Materials and Methods
Seventeen right-handed, healthy, native or highly proficient French-speaking participants (8 male, 9 female, mean age 24.29 years, SD 4.87) were included in this fMRI study among a sample of 19 participants, two of whom were excluded from the analyses because of below-chance performance (~25%). All included subjects had normal or corrected-to-normal vision, normal hearing, and no history of psychiatric or neurologic incidents. Participants gave written informed consent for their participation in accordance with ethical and data security guidelines of the University of Geneva. The study was approved by the Ethical Committee of the University of Geneva and conducted according to the Declaration of Helsinki.
Ten professional actors (5 male and 5 female) pronounced “Aah's” (duration 1100 ms), expressing either angry or neutral prosody, providing 20 stimuli in total. These stimuli were taken from the large and validated Geneva Multimodal Expression Portrayals (GEMEP) database (Bänziger and Scherer, 2007) and were additionally evaluated by our participants (Supplementary Figures 1, 2). Stimuli were mean normalized in intensity (70 dB sound pressure level).
To present auditory voices spatialized in one auditory hemifield, we carried out a lateralization process with an average head-related transfer function (HRTF), using Panorama 5 toolbox implemented in Sony SoundForge software (Sony Creative Software Inc., Middleton, WI, USA) and parameters from the CIPIC database (Algazi et al., 2001). This convolution takes into account head and ear shape and uses wave amplitude and interaural time difference in order to virtually spatialize sounds, hence mimicking real-life auditory perception. This convolution was ideal to accurately virtually lateralize/spatialize our prosody cues as well as the target sine wave tone (SWT), meaning that even though the sound was actually in the left auditory space, it was presented to both ears with a slight delay for the ear opposite to the space of presentation (the right ear in this example). The use of an HRTF to create a diotic as opposed to a dichotic stimulus presentation significantly improved ecological validity and the procedure takes into account a double dissociation, which suggests that different neural networks serve the detection ability of the auditory space vs. that of the ears (Clarke and Thiran, 2004).

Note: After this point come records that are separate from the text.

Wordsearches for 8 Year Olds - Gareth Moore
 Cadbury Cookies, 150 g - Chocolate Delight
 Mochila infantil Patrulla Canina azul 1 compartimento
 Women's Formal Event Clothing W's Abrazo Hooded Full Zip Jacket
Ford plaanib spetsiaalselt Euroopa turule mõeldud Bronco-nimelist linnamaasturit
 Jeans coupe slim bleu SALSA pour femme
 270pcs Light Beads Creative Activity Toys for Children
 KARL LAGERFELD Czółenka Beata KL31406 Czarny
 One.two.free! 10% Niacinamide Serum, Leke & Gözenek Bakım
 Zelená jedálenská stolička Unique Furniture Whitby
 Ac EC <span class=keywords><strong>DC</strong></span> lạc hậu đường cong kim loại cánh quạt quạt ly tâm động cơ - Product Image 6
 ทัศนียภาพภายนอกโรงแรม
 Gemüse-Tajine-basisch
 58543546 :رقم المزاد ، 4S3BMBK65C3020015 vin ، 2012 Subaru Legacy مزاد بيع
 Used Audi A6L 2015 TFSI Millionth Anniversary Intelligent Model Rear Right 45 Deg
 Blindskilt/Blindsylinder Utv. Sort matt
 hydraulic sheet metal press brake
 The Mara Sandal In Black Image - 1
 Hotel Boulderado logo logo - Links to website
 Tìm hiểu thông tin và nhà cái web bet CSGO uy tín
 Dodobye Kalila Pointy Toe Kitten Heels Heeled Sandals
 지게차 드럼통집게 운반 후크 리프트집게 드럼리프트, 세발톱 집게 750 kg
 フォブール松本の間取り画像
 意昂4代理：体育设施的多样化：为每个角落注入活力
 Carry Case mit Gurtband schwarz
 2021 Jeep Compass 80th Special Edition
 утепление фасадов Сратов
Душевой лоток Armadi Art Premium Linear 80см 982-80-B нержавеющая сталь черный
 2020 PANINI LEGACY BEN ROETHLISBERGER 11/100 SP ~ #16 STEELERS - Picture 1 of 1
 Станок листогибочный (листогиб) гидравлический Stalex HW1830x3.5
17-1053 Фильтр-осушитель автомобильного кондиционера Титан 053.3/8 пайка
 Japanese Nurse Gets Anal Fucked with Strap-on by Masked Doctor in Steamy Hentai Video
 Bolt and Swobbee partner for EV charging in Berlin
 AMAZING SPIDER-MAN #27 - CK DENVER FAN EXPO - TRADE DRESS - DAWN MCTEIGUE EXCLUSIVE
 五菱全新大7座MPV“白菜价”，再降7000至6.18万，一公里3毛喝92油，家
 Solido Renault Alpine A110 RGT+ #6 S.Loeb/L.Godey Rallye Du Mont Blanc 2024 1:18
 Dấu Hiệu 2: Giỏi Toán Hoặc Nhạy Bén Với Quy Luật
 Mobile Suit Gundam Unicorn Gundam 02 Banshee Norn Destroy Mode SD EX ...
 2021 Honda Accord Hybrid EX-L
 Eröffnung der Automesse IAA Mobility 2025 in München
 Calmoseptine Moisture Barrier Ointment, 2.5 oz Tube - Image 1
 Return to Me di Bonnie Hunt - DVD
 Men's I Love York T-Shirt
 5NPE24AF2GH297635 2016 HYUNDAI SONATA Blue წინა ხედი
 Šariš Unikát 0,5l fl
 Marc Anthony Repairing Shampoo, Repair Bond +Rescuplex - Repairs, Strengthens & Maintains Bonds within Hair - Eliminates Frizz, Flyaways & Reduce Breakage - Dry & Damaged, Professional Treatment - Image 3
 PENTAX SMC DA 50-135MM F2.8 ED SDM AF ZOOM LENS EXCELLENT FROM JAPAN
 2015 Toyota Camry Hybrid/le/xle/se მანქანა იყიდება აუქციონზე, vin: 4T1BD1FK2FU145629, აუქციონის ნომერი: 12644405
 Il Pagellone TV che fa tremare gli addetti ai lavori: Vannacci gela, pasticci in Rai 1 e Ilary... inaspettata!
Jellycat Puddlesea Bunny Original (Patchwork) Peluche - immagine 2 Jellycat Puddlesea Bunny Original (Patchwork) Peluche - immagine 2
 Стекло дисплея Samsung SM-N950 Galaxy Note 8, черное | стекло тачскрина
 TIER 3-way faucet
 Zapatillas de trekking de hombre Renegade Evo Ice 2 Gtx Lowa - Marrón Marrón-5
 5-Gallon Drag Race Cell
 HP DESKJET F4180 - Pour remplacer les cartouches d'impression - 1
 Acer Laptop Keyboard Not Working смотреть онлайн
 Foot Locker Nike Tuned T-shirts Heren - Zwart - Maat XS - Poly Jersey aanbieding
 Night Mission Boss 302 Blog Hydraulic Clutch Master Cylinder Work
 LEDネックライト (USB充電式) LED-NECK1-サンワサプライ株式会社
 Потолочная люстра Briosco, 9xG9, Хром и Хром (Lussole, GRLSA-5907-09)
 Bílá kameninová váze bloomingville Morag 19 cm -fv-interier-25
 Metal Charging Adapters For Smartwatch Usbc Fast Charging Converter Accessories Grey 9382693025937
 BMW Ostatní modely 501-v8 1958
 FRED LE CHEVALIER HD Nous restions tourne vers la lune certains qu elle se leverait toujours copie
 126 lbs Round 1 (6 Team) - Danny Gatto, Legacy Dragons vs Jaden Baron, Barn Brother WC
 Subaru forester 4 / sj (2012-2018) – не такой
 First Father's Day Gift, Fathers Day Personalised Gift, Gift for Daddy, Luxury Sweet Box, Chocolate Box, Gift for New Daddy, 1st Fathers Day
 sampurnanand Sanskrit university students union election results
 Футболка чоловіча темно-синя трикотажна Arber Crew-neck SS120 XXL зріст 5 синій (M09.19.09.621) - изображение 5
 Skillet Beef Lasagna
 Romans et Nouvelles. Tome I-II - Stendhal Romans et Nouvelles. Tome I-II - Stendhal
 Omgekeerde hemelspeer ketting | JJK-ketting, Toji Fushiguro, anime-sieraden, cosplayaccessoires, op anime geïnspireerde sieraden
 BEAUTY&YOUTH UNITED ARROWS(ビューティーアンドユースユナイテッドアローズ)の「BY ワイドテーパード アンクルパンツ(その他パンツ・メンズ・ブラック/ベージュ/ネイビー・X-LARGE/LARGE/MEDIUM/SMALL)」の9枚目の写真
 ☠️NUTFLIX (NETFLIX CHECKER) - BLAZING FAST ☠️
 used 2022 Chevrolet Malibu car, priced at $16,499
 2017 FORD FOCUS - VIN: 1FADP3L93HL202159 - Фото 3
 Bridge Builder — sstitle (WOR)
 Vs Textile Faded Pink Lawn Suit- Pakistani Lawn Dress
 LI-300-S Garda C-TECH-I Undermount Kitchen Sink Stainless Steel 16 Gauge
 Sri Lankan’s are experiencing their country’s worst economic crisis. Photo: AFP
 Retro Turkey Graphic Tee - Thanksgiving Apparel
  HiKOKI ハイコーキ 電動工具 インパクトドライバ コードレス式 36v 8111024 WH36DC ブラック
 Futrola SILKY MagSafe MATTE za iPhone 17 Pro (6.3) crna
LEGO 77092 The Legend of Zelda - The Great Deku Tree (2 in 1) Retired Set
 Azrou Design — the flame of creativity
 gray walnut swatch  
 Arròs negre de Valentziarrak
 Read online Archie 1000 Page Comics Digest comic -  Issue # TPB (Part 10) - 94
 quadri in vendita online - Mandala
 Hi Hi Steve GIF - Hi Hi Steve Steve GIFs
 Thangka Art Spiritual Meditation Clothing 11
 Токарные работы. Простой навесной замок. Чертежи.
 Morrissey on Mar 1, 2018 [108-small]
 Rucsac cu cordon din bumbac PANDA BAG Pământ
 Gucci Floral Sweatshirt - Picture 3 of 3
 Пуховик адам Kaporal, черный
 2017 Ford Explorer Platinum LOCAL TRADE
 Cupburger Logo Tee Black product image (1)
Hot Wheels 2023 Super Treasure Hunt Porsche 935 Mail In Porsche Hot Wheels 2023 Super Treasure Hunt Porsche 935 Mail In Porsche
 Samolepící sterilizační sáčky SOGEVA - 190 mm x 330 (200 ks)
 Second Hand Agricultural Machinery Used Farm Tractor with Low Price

Each trial started by a blank varying in duration (jittering in steps of 100 ms, mean = 2000 ms, minimum = 1000 ms and maximum = 3000 ms) directly followed by a 1500 ms fixation cross. Afterwards, the prosody cues (abovementioned “Aah's”) were presented in pairs and simultaneously to the two auditory hemispaces (left/right) through pneumatic MR-compatible headphones (MR confon GmbH, Germany) using Eprime 2 software (Psychology Software Tools, Pittsburgh, PA, USA) for 1100 ms. Thus, participants heard two voices at the same time for the cueing part of each trial (Figure 1): during stimulus presentation a right-lateralized angry cue was presented simultaneously to a left-lateralized neutral cue (and vice versa). More specifically, three pairs were possible for the cues: a neutral prosody in the left auditory space and an angry prosody in the right auditory space, the opposite, or a neutral prosody in both auditory spaces. These cues were closely followed by the to-be-attended target (50% of the total trials), namely, one SWT appearing either in the left or in the right auditory space. The SWT was a 120 ms, lateralized sine wave tone with a wave frequency of 600 Hz and it was presented 100 ms after the 1100 ms prosody cues. The experiment included three conditions represented by a combination of cues and target: (1) the target SWT appeared in a spatial location (left or right auditory space) matching the preceding angry prosody cue's location in space (valid trial); (2) the target SWT did not appear in the spatial location (left or right auditory space) matching the preceding angry prosody cue's location in space (invalid trial); or (3) the target SWT appeared after two neutral prosody cues were presented in both auditory spaces (neutral trial). The total number of trials for each condition (valid, invalid, and neutral) was 24, with 12 left-space and 12 right-space trials. The mean-interstimulus interval was 5200 ms (minimum = 4200 ms, maximum = 6200 ms). The order of condition presentation was pseudo-randomized so that the same condition would not appear more than 2 times consecutively. During the whole fMRI session, sound pressure level was kept constant to 70 dB.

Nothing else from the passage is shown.